I’ve been way too satisfied with these two to try any of the other stuffed chicken options, but you’re welcome to do so, and I give them better odds of being good than just about any other unknown in the frozen food realm. They’ve recently removed the microwave instructions from the package, however, I suppose having something to do with the fact that the chicken starts out not entirely cooked. There are three or four steps to microwaving these, but it’s definitely worth it, and I hereby record these steps for posterity: two minutes with the entrée upside down, one and a half minutes right side up, wait a minute, and then one minute again right side up. That’s right — it’s so good I have it memorized.

However, the masterminds at Barber foods don’t stop at chicken encased entrees. I remember I had something with a ridiculous name like “Potato Chip Breaded Chicken Sticks: Honey Flavored” my freshman year, and that was way better than it had any right to be, though not quite as good as some of their other products. It wasn’t even really a quality issue with the chicken sticks, but they didn’t always microwave evenly. I just tried their Four Cheese Stuffed Chicken Nuggets, and they are my new favorites. Something about them looking like little chicken volcanoes with molten cheese in the middle really appeals to me, so the added benefit of their actually tasting delicious is quite exciting.

Sundries

A few final notes that didn’t seem to fit into any other category:

•Breakfast foods tend to be one of the categories which are harder to come by in college. Every once in a while someone, maybe even you, will make pancakes, but generally that’s about it; even then, it’s a little bland. Jones’ Golden Brown precooked sausages work well as both an add-on to pancakes and as a breakfast on-the-go, and they’re a really good breakfast-food-craving fix.

• Most dumplings don’t work out quite right, because they’re really not meant to be microwaved. Plus the sauces tend to be pretty bad, as well as hard to heat up and not enough for the quantity in the box. However, the shumai you can get at Trader Joe’s tend to fare better.

• Quite a few of the good microwavable dishes are just meat, which is yummy, but not exactly balanced. I haven’t dabbled much in the vegetable arena, but Green Giant Nibblets Corn and Butter Sauce works pretty well as an add-on to a side dish. I would say a box probably can serve as a side dish for two people.

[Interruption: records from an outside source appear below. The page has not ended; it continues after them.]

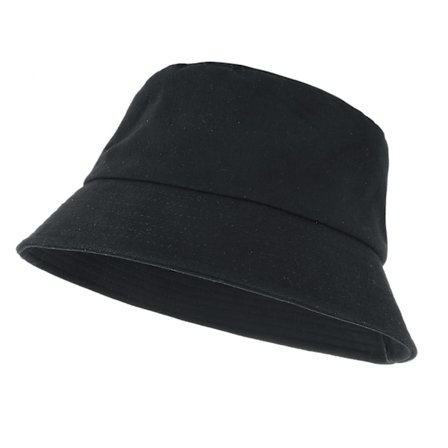 Fiskerhat Dame Bucket Hat Ensfarvet Sort Foldbar Udendørs Herre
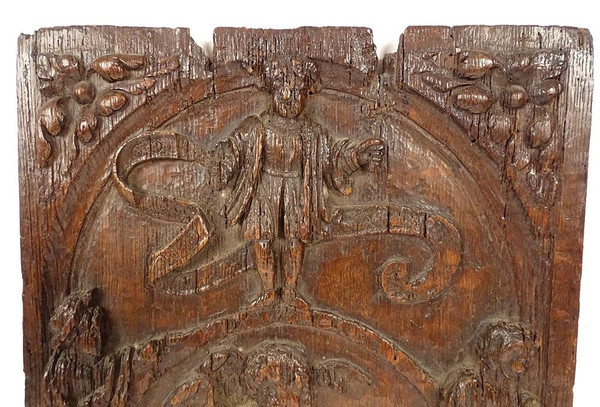 Haute Epoque Carved Oak Panel Character Martyr St Lazare XVIth XVIIth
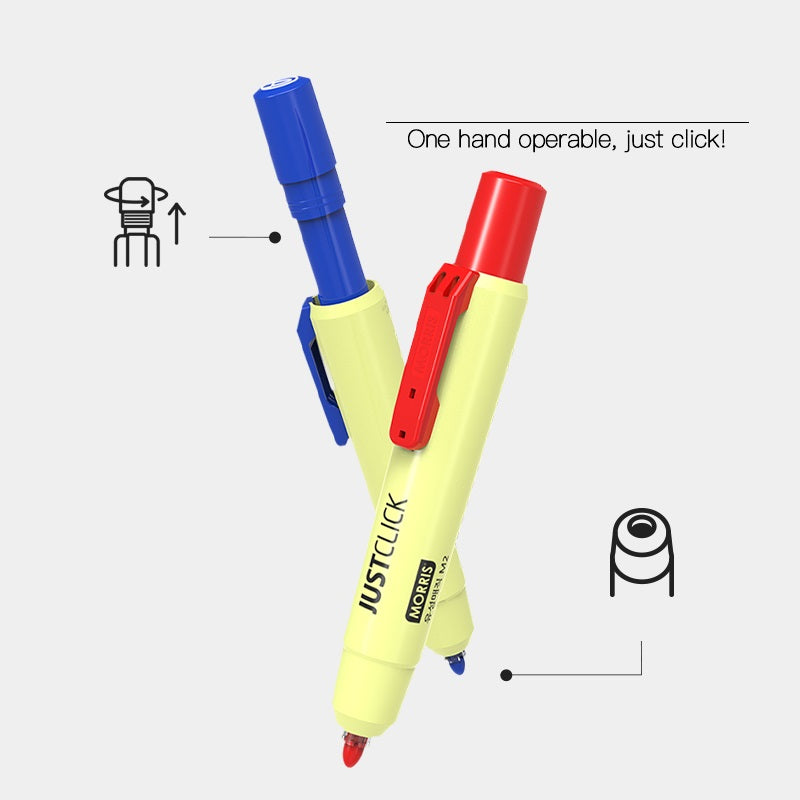 MORRIS JUSTCLICK Permanent Marker Pens (1.5mm Bullet Tip) Quick-Dry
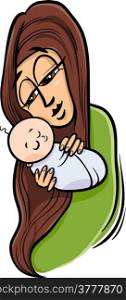 Cartoon Illustration of Mother with her Cute Baby
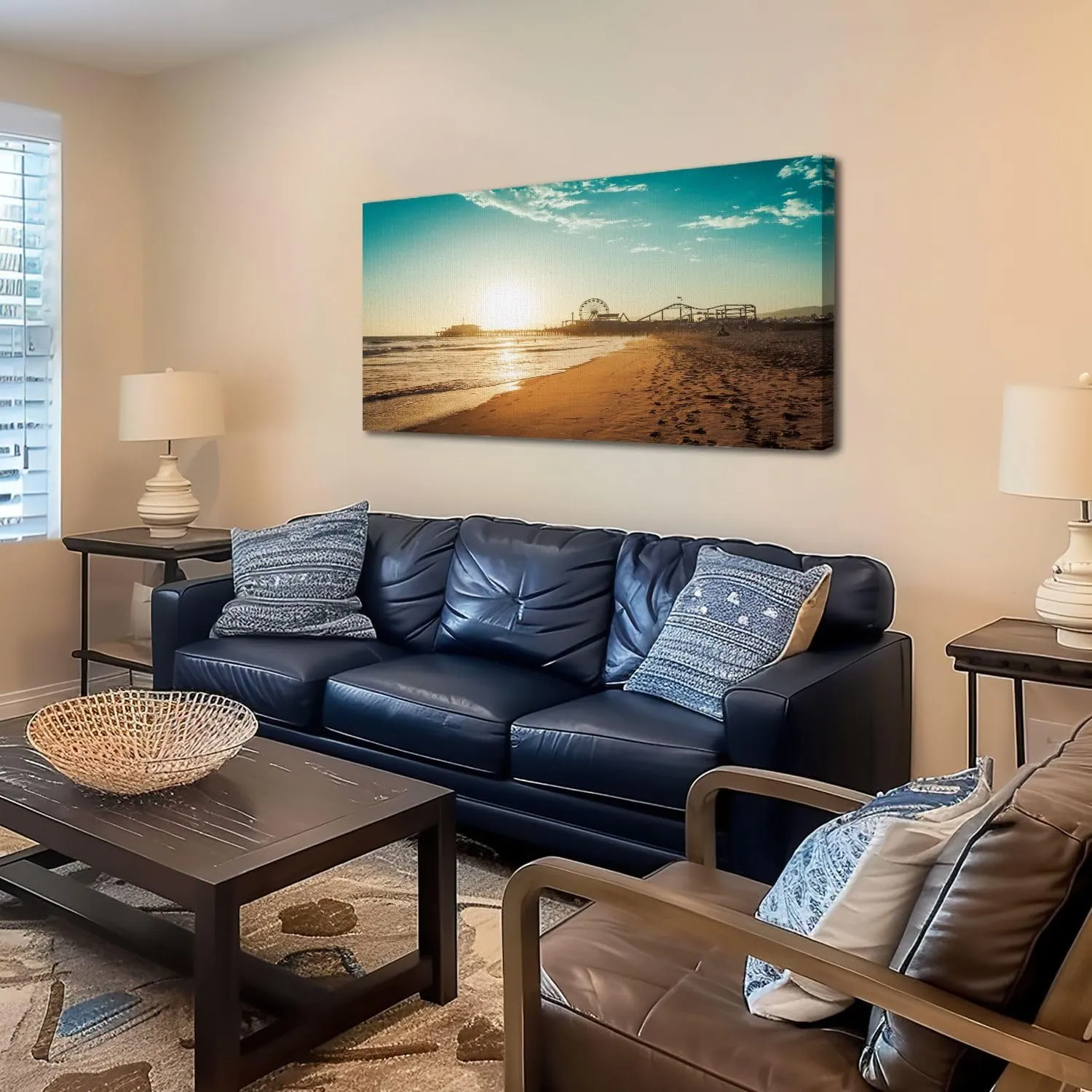20"x 40" Large Beach Wall Art Amusement park Santa Monica Painting Picture Print on Canvas Wall Art for Living Room Bedroom Modern Home Wall Decor Framed Artwork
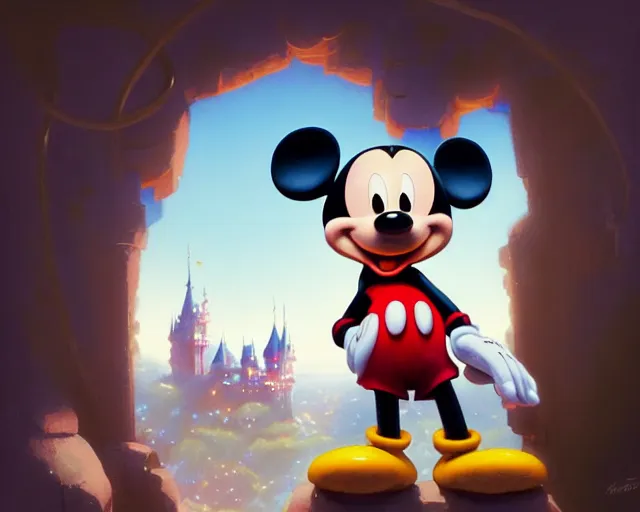 Image similar to highly detailed portrait of mickey mouse, in animaniacs, stephen bliss, unreal engine, fantasy art by greg rutkowski, loish, rhads, ferdinand knab, makoto shinkai and lois van baarle, ilya kuvshinov, rossdraws, tom bagshaw, global illumination, radiant light, detailed and intricate environment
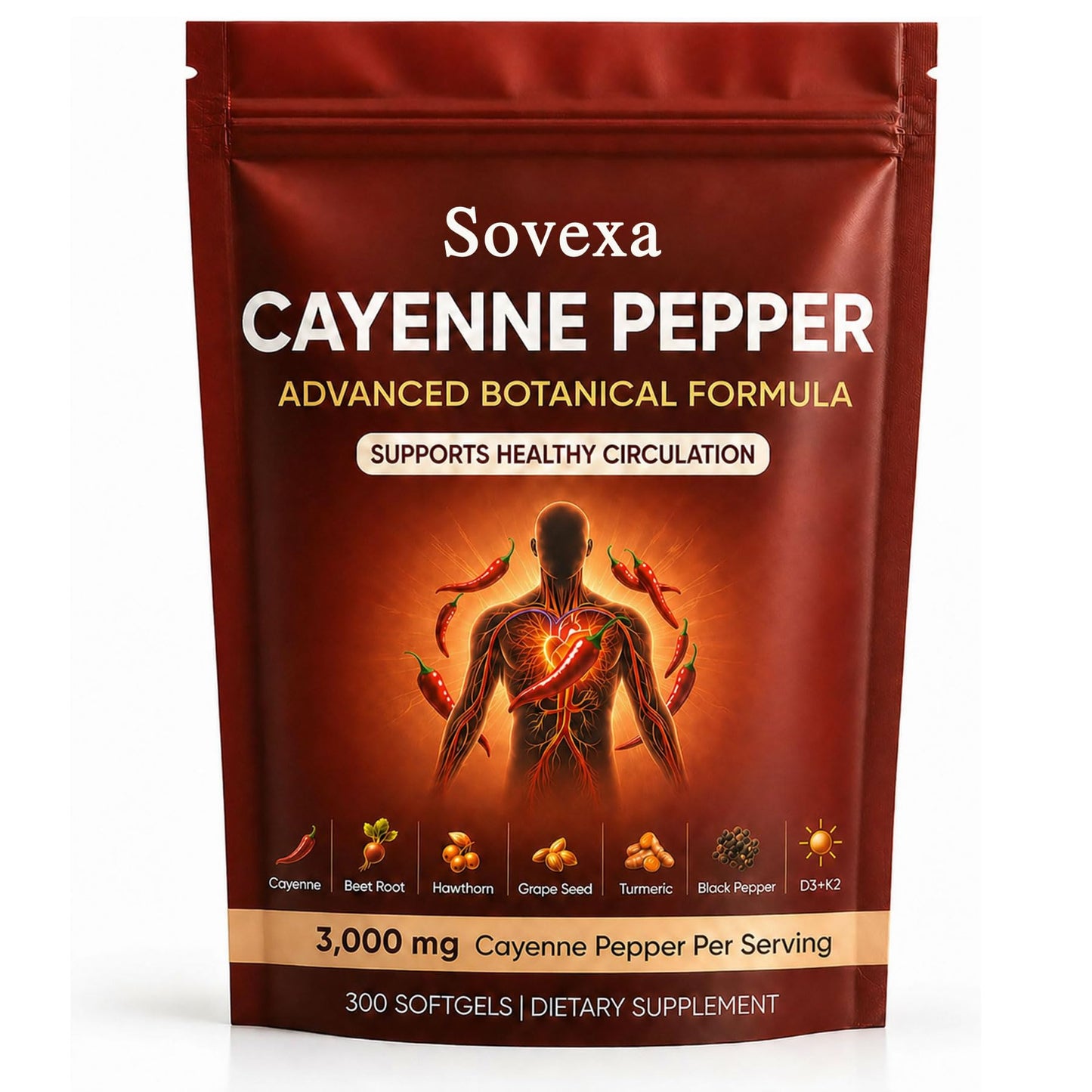 Sovexa Cayenne Pepper Softgels 1 Count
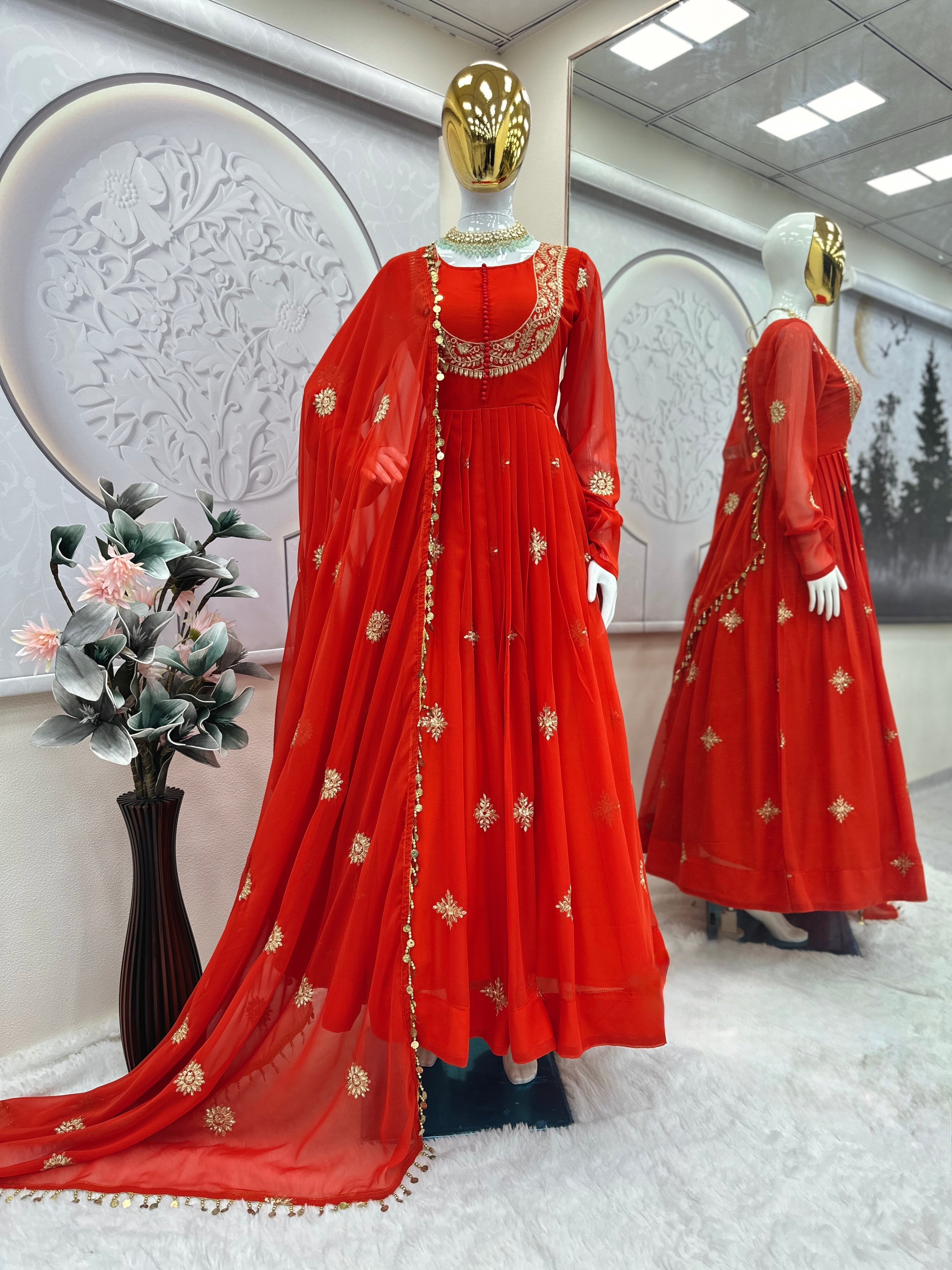 Designer Party Wear Gown And Pent With Beautiful Dupatta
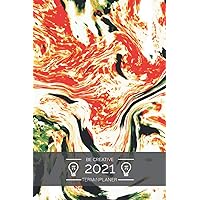 Planer 2021 ca. A5 Terminplaner - Rot Schwarz Weiss Marmor Muster: Terminkalender Tagesplaner 1 Tag auf 1 Seite auch Samstag Sonntag !, Kalender ab ... im Trend Design (German Edition)
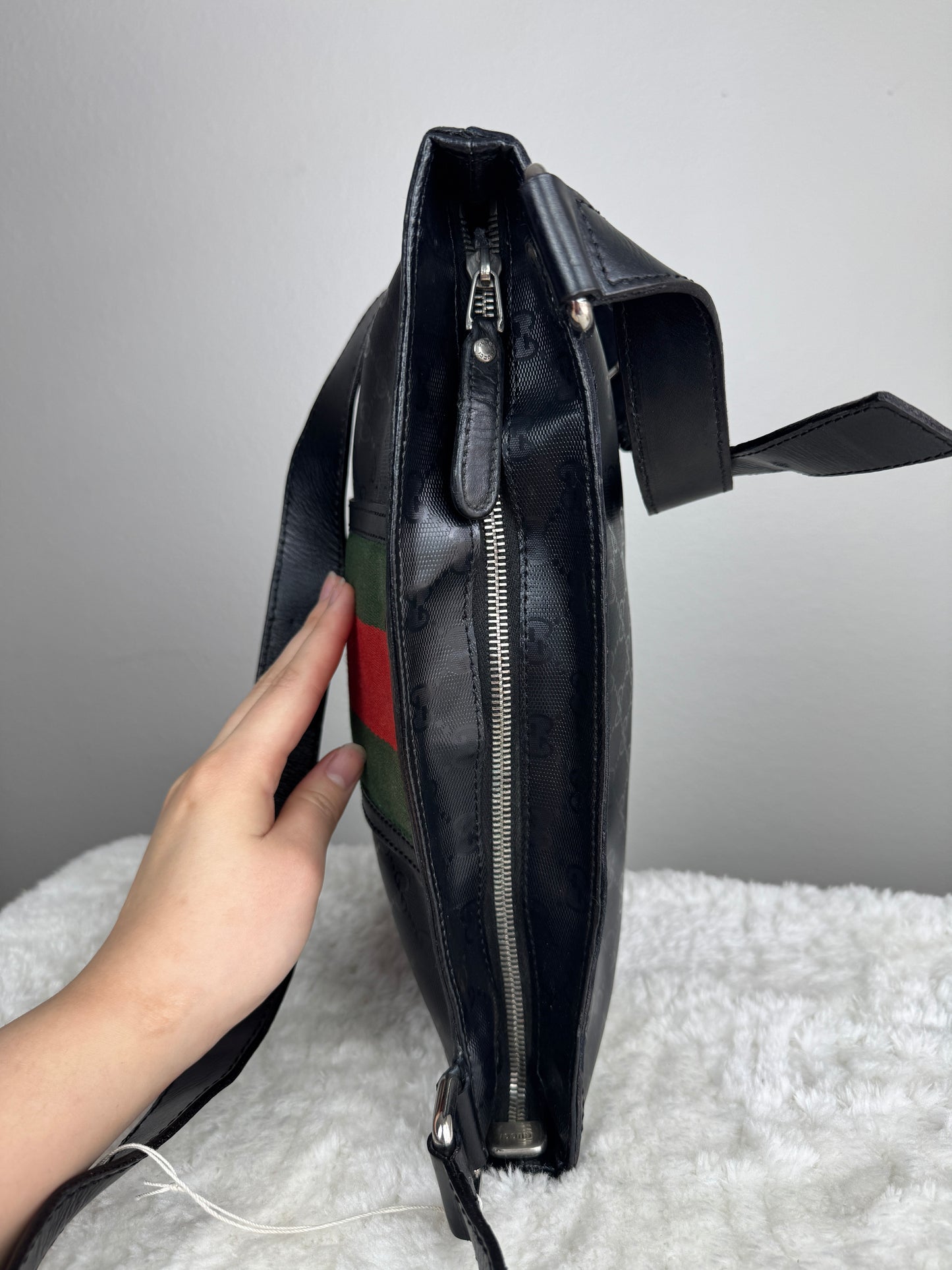 GUCCI Web Flat 500 Messenger GG Imprime Medium Black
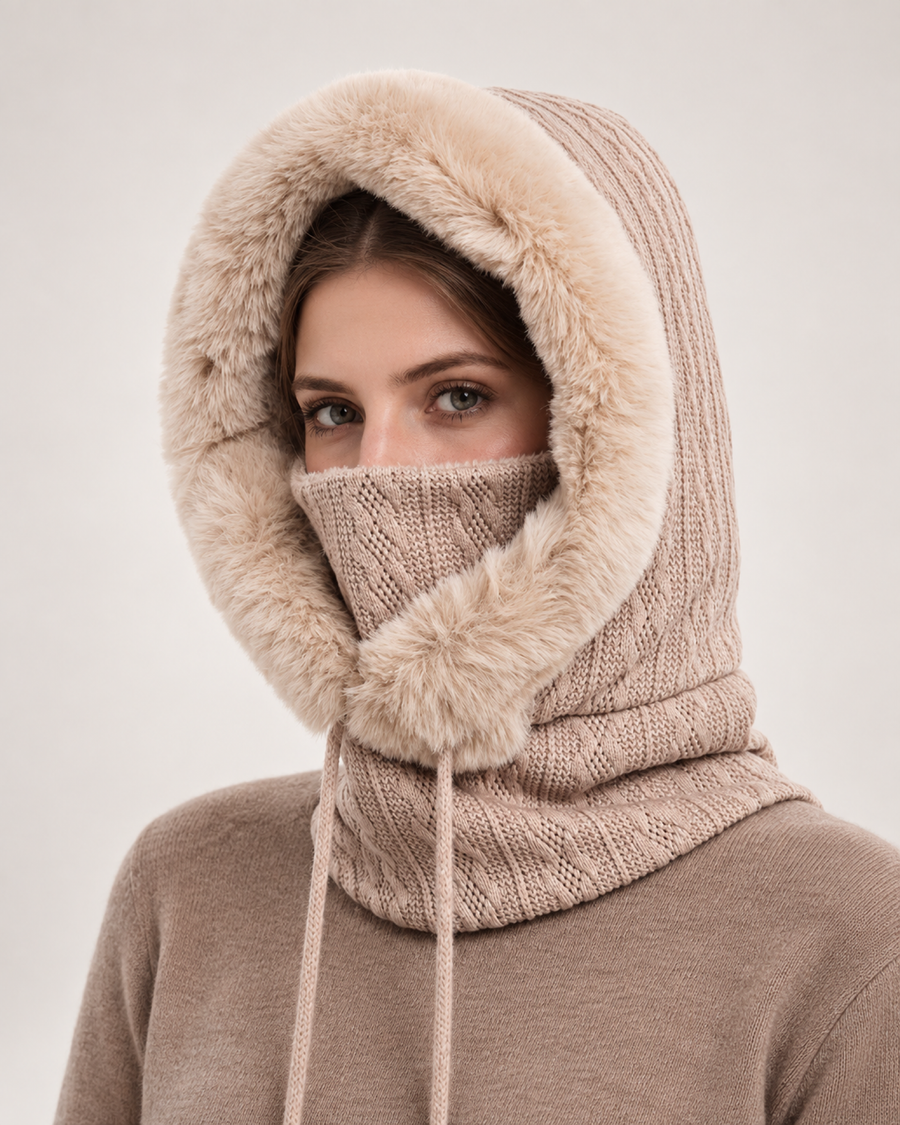 Women's Faux Fur Trim Hooded Scarf in Beige, close up hero view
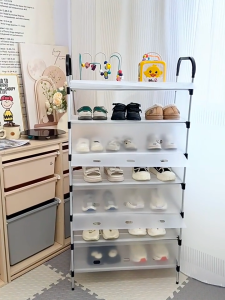 SALVO Stackble Stainless Steel  Dust Proof Cover Shoe Rack Multifunctional Shoe Rack Organizer For Bedroom Living Room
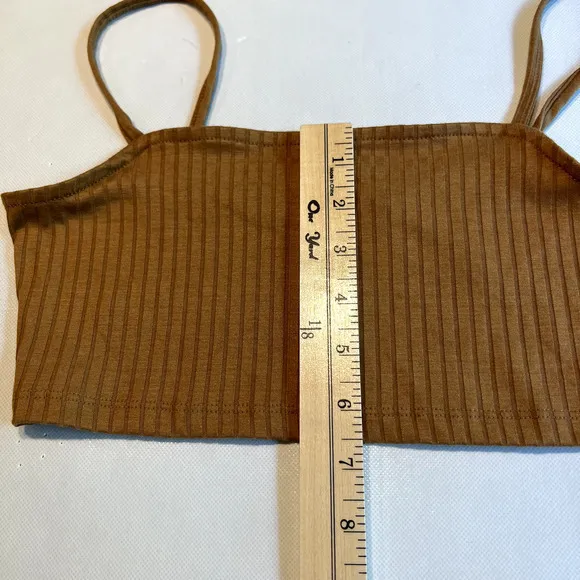 VERO MODA Womens Lucy Rib Crop Top Tobacco Brown size Small‎ - Image 8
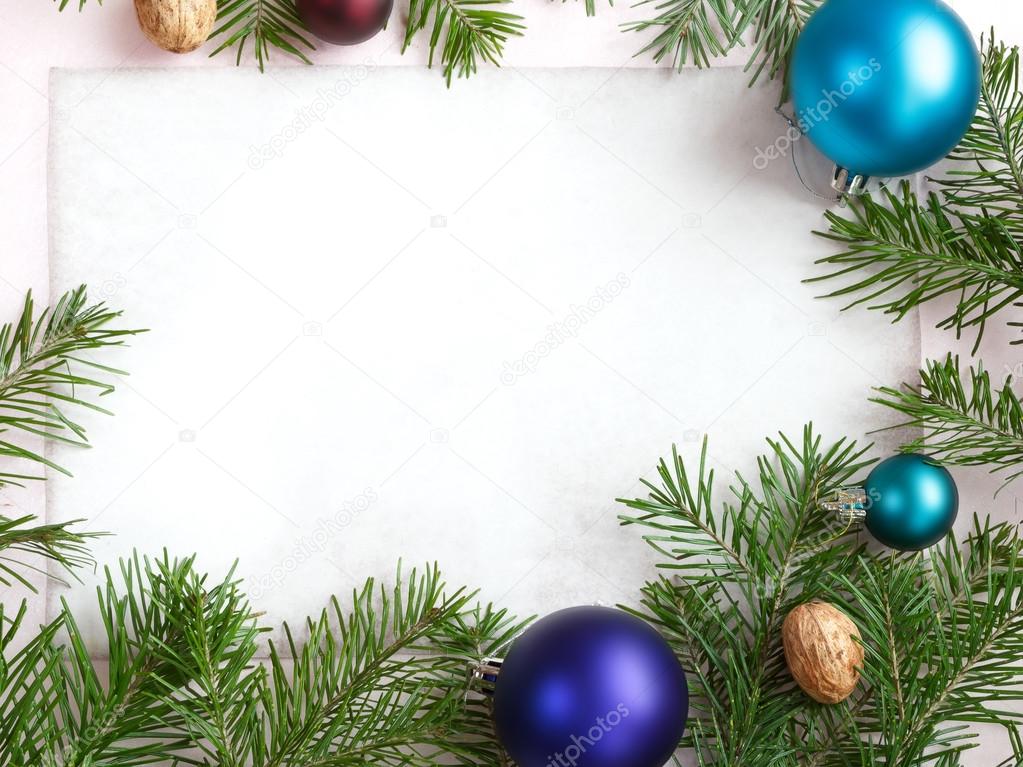 Spruce branches with Christmas decorations.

• Two things from Trader Joe’s that even I couldn’t finish: Trader Joe’s Chicken Drumettes and some sort of buffalo chicken pastry triangle. One thing from Trader Joe’s that was surprisingly good: Broccoli and Cheddar Quiche. Trader Joe’s frozen dishes tend to follow the same rules as the more experimental Lean Cuisine’s; they’re more inventive, so they have the potential to be so much better, but also the potential to be so much worse. I wouldn’t recommend doing your frozen food shopping there unless you’re going the way of the true scientist, and are willing to try a few things and fail at a good number of them.

• In the not-actually-frozen category: Spaghetti-O’s are just as good as you remember but Chef Boyardee is not.

We all have skills which go unused. Talents which lie fallow. Knowledge bases which we never find the venue to implement. Thank you for allowing me this forum to feel like my area of expertise just might have helped someone.